Accuracy on AppleSilicon : 0.097 (while the last training loss was 0.0648 and accuracy was 0.9803)
Accuracy on the other configuration : all of them are between 0.9761 and 0.9810

What can explain such extreme overfit on Apple Silicon only ?

On the other hand the same thing replacing the LSTM by CNN or MLP works perfectly and is consistent with all the other configurations.

import os
import numpy as np
import time

import tensorflow as tf
from tensorflow.keras import layers
from tensorflow.keras.utils import to_categorical

mnist = tf.keras.datasets.mnist

(train_images,train_labels),(test_images,test_labels) = mnist.load_data()
train_images=train_images.astype('float32')/255
test_images=test_images.astype('float32')/255

train_labels = to_categorical(train_labels)
test_labels = to_categorical(test_labels)

model = tf.keras.models.Sequential()
model.add(layers.LSTM(128,input_shape=train_images.shape[1:]))
model.add(layers.Dense(10,activation='softmax'))

model.compile(optimizer = 'rmsprop',
             loss = 'categorical_crossentropy',
             metrics = ['accuracy'])

print("Start Learning with tensorflow.keras")

start = time.time()

model.fit(train_images,train_labels,epochs=5,batch_size=128)

print("Ran in {} seconds".format(time.time() - start))

test_loss, test_acc = model.evaluate(test_images,test_labels)

print('test_acc:',test_acc)

ac-93 commented 3 years ago

Just a guess but could this be because the evaluation is being performed on the M1s Neural Engine, which is likely fp16? where as training is most likely fp32 on the GPU. Perhaps LSTM nets are more sensitive to this change than Conv or MLP nets?

danbricedatascience commented 3 years ago

@ac-93 Good guess as it can also explain why the CPU is underutilized, because the overall performances are really good, only 30% slower than a Tesla T4 GPU and 4 time faster than a 8 cores Xeon Platinum instance.

When I select the gpu, I clearly get a full usage of it but selecting the CPU is unclear, it's underutilized while its super fast, if we exclude an issue in the CPU monitoring itself the only explanation is that it uses dedicated component of the SoC like the two ML Accelerators or even the NE without telling it.

Maybe Apple specialists can answer it ?

jhjiang2020 commented 3 years ago

Same problem.
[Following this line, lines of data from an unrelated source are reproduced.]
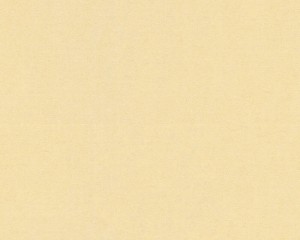 TAPETA 37050-7 VERSACE IV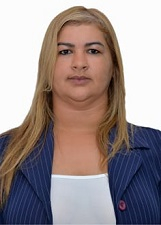 CHARLENE SILVA 2020 - FEIRA DE SANTANA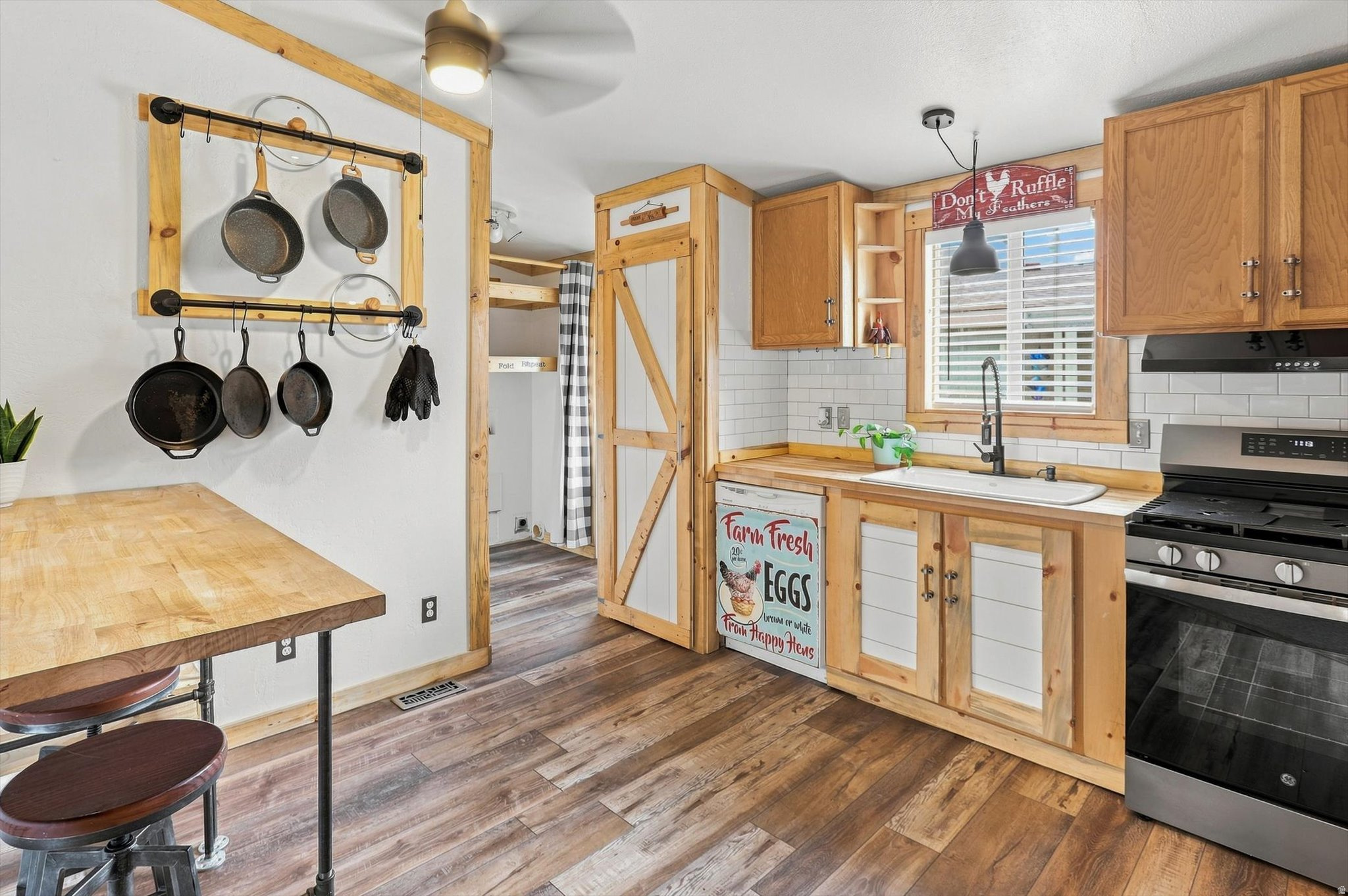 5648 S 1150 W #4, Riverdale, UT 84405 — photo 1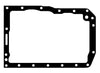 Permaseal Oil Pan Gasket Set HC218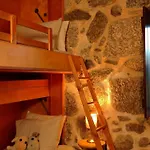 Ferienhaus Flusshaus - Casas Do Rio Tora By Interhome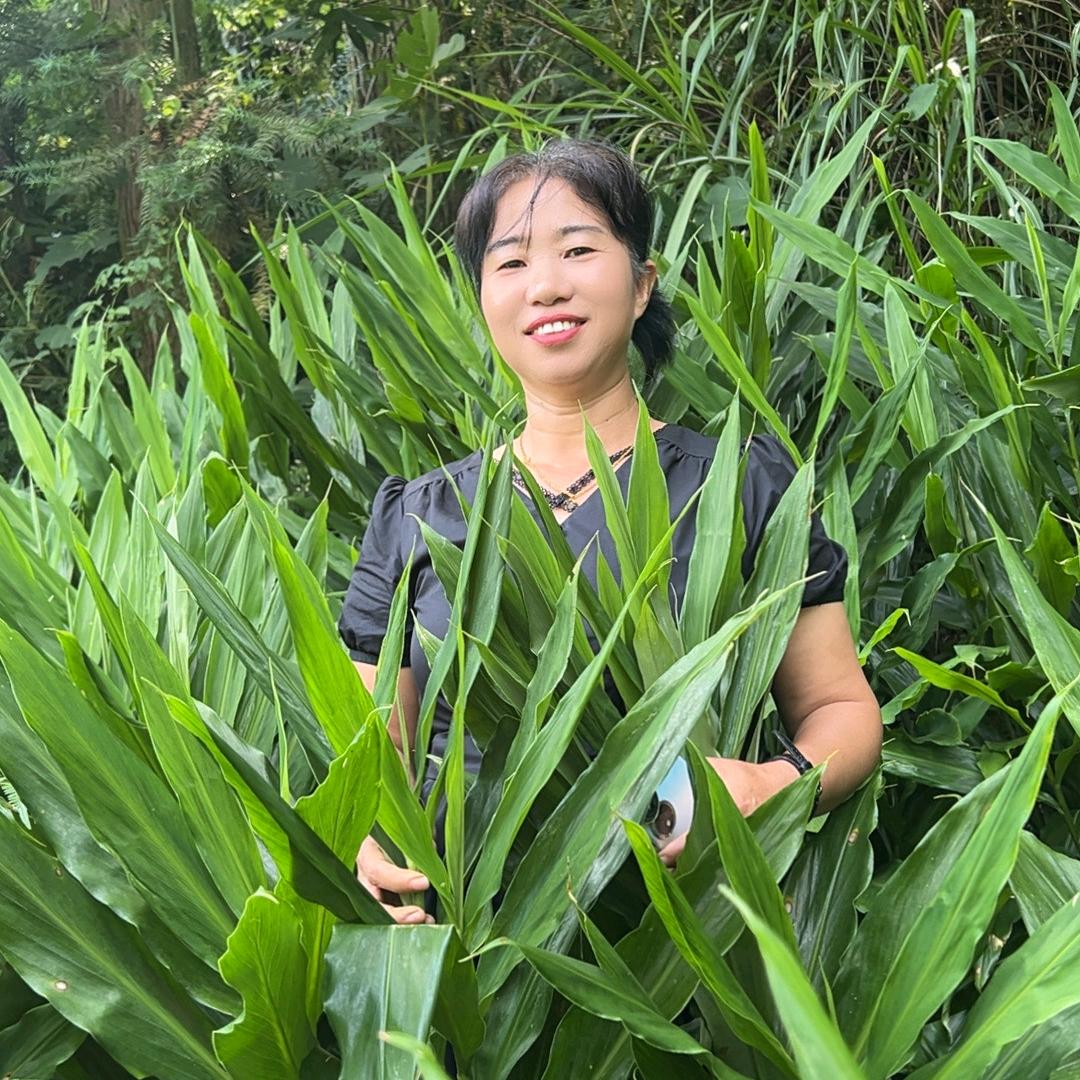 鹏发臻选坊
I was training a CNN model and the training accuracy and val_accuracy were both very high (>97%). However, the test accuracy was unexpectedly low (~25%) when I run model.evaluate (test_data, test_labels)

Then I tried running model.evaluate (train_data, train_labels), but still got the same low accuracy. Clearly M1 chip has some issues with the model evaluation process.

anna-tikhonova commented 3 years ago

@danbricedatascience Thank you for reporting this issue! We will investigate and get back to you.

danbricedatascience commented 3 years ago

I've found an additional information.

This problem disapears when setting the batch_size in the evaluate() function to a value greater or equal to the one used for the training.

Example:

model.fit(train_images,train_labels,epochs=5,batch_size=128)

## returns very low accuracy (< 0.2 while training shows 0.97 on val set)
## batch_size default is 32
test_loss, test_acc = model.evaluate(test_images,test_labels)

## returns very low accuracy (< 0.2 while training shows 0.97 on val set)
test_loss, test_acc = model.evaluate(test_images,test_labels,batch_size=64)

## returns expected accuracy : 0.93
test_loss, test_acc = model.evaluate(test_images,test_labels,batch_size=128)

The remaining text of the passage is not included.